Salter Street Films LLC
- Industry: Television production
- Founded: 1983; 43 years ago
- Founder: Michael Donovan Paul Donovan
- Defunct: 2003; 23 years ago
- Fate: Shut down; operations taken over by Alliance Atlantis
- Successor: Halifax Film Company
- Owner: In Picture Entertainment (1993–2003)
- Parent: Alliance Atlantis (2001–2003)
- Website: salter.com (archived)

= Salter Street Films =

Canadian TV and film production company

Salter Street Films was a Canadian television and film production company based in Halifax, Nova Scotia.

==History==
Salter Street Films was founded by brothers Paul and Michael Donovan in 1983. Paul was trained as a director at the London Film School; Michael graduated from Dalhousie University’s Law School and started as a producer of Paul's film projects. Salter Street Films was named after the street in Halifax, Nova Scotia, where Paul and Michael had been living.
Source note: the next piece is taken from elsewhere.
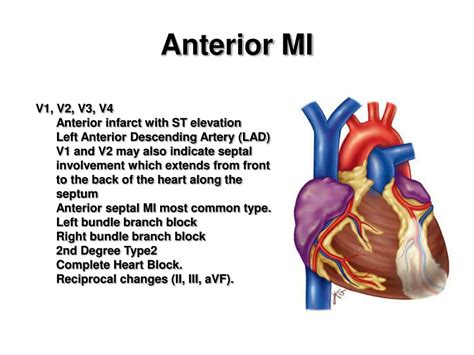 Ppt Myocardial Infarction Powerpoint Presentation Free Download Id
The company started life with early problems. Its first major feature film was Def-Con 4 (1985), which eventually became profitable, but other films such as George's Island (1989), Buried on Sunday (1992), and Paint Cans (1994), though critically acclaimed, were money-losers. The company's salvation turned out to be the sci-fi TV series Lexx, which was a hit in Germany, Russia, and Eastern Europe. This Canadian-German co-production went on to become a lucrative money-maker through international sales and was one of the first shows to develop a cult following almost exclusively through online.

Concurrently, the Donovan brothers found success with the satirical This Hour Has 22 Minutes becoming a hit on CBC Television as well as other TV series such as CODCO, Emily of New Moon, Made in Canada, Blackfly, children's TV series Pirates, and a TV special Talking to Americans. These shows found homes on the CBC as well as other Canadian networks and cable channels. Salter Street also created the stop motion-animated preschool TV series Poko, which is still in production. In 1994, it has a 20% interest in The Popcorn Channel, which was rumoured to be on the air in the first quarter of 1995. In the 1990s, it meant to mine European co-production with four telefilms, which were planning on to be in production in 1995.

Based on their reputation for political satire, U.S. documentary filmmaker Michael Moore approached Salter Street to produce his project Bowling for Columbine. Michael Donovan agreed and arranged financing in Canada and Germany. The documentary won both the Anniversary Prize at the Cannes Film Festival and the Oscar for Best Documentary Feature Film.

In 2000, a year after the Donovan brothers had taken the company public, Salter Street was awarded the broadcast license for IFC by the Canadian Radio-television and Telecommunications Commission. This potentially lucrative award, combined with Salter Street's reputation as a content-provider, attracted interest from the powerful media corporation Alliance Atlantis. Alliance bought Salter Street from the majority shareholders the following year. Paul and Michael Donovan remained on as producers.

In 2003, two years after the purchase, Alliance closed the operation, transferring Salter Street's ongoing TV productions to Alliance.
Paul Donovan has continued as an independent producer and director. In May 2004, Michael Donovan formed the Halifax Film Company with all of the former Salter Street employees. In 2006, Halifax Film merged with Decode Entertainment to form DHX Media (now as WildBrain). DHX sold the studio in 2018 to IoM Media Ventures and was rebranded to the Island of Misfits.